| Exercise details |
With the material below, print exactly the lines between the line holding "1955 Chevrolet Bel" and the line holding "Usado 2023 Renault", inclusive. Add nothing else.

| Source data |
· · · · · · ·

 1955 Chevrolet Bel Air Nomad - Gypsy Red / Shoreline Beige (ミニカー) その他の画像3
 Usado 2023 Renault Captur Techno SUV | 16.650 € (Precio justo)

· · · · · · ·

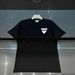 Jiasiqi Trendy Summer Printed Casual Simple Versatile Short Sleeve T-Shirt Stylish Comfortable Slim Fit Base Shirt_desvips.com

· · · · · · ·

| Response below |
 1955 Chevrolet Bel Air Nomad - Gypsy Red / Shoreline Beige (ミニカー) その他の画像3
 Usado 2023 Renault Captur Techno SUV | 16.650 € (Precio justo)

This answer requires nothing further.